§ **Listed records**:
----

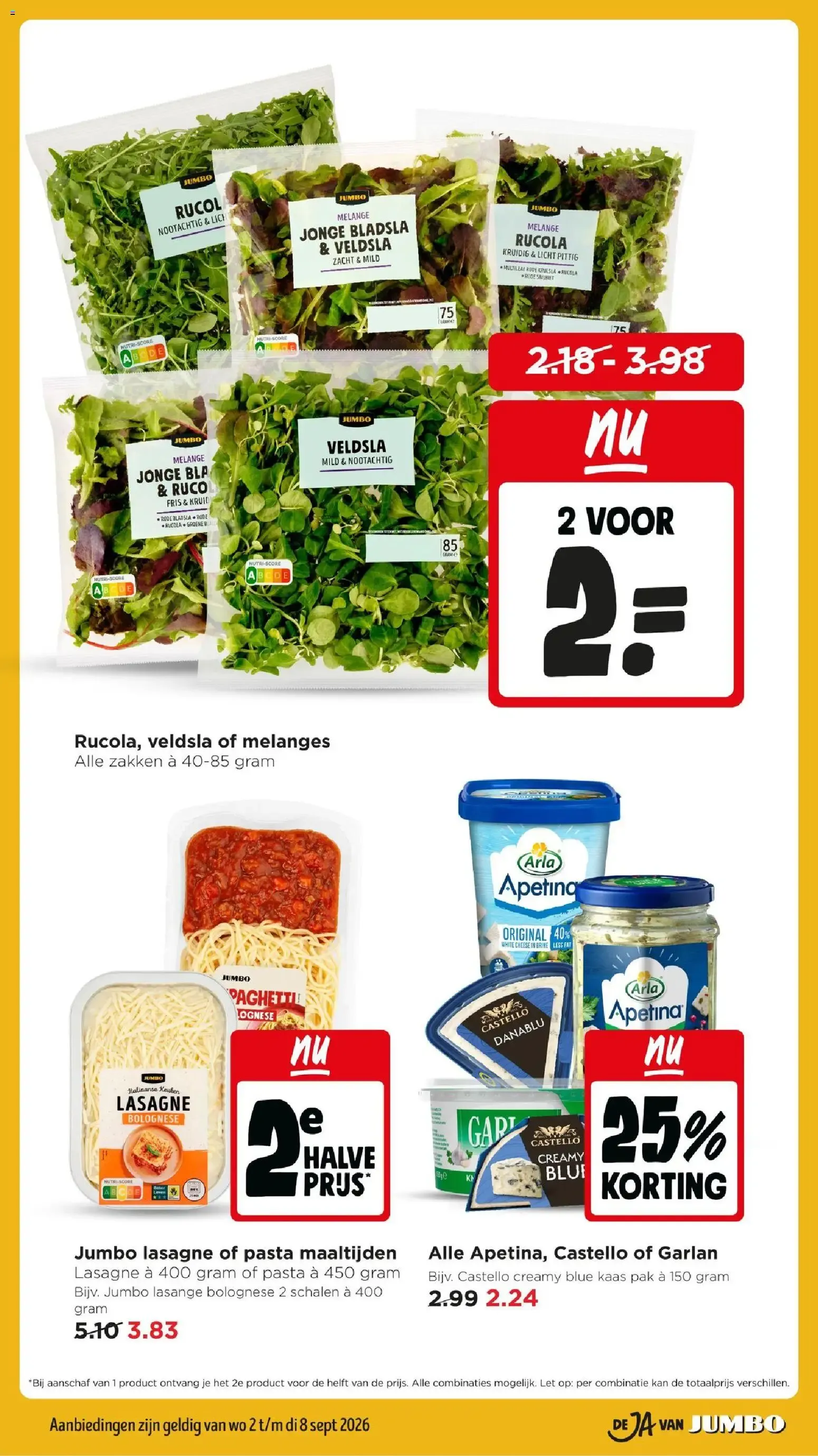 Jumbo folder vanaf 02-09-2026 -- deze week (aanbiedingen) van 2 september tot 8 september 2026 - Folder pagina 23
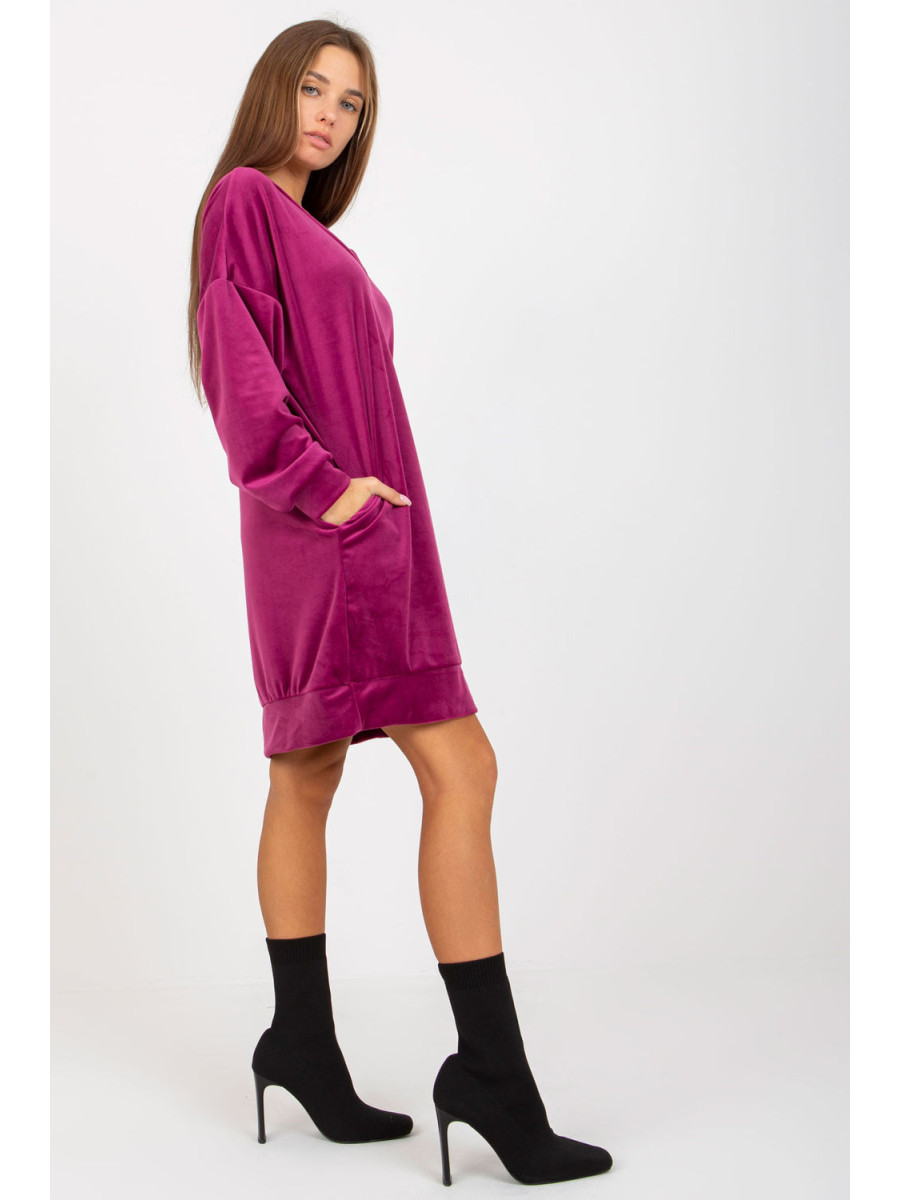 Robe de jour model 173726 Rue Paris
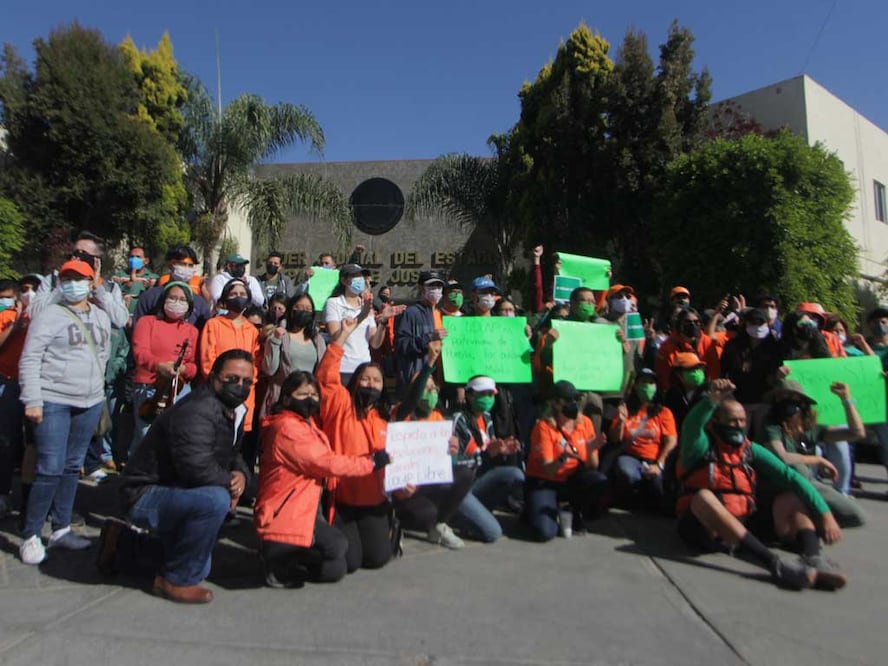 Foto: Agencia Es Imagen para El Universal Puebla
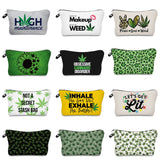 Pouch - Weed Collection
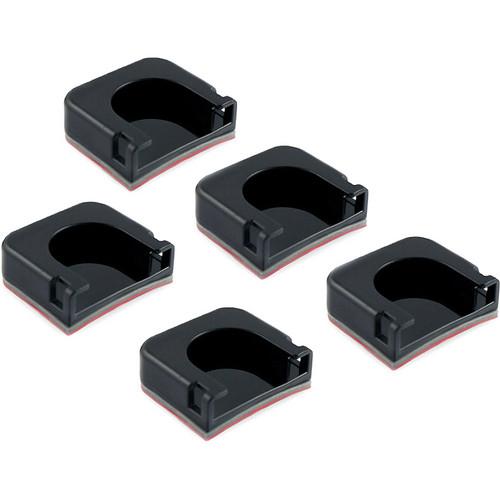Drift  Curved Adhesive Mount Pack 30-017-00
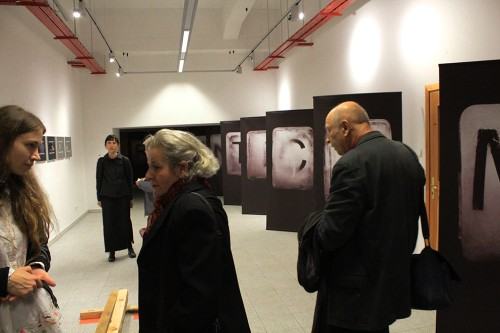 Relacja z wystawy w Gdańsku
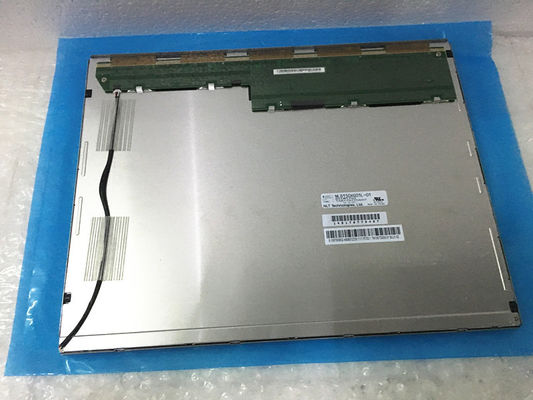 TM150TDSG52 AVIC 15,0 inci 1024 × 768250 cd / m² TAMPILAN LCD INDUSTRI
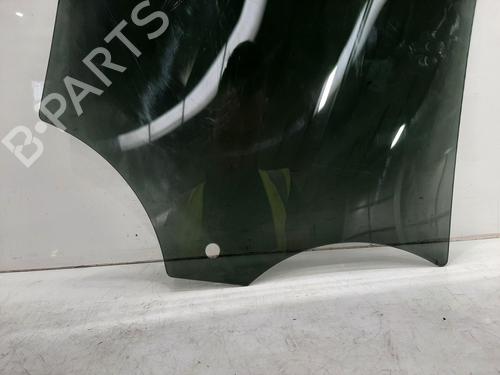 Rear left door window JAGUAR I-PACE (X590) EV400 AWD | BP26797869C20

----

§ **Problem statement**: All the lines above need to be repeated exactly, with no pictures carried over.

§ **Answer to this task**:
 Jumbo folder vanaf 02-09-2026 -- deze week (aanbiedingen) van 2 september tot 8 september 2026 - Folder pagina 23
 Robe de jour model 173726 Rue Paris
 Foto: Agencia Es Imagen para El Universal Puebla
 Pouch - Weed Collection
Drift  Curved Adhesive Mount Pack 30-017-00
 Relacja z wystawy w Gdańsku
 TM150TDSG52 AVIC 15,0 inci 1024 × 768250 cd / m² TAMPILAN LCD INDUSTRI
 Rear left door window JAGUAR I-PACE (X590) EV400 AWD | BP26797869C20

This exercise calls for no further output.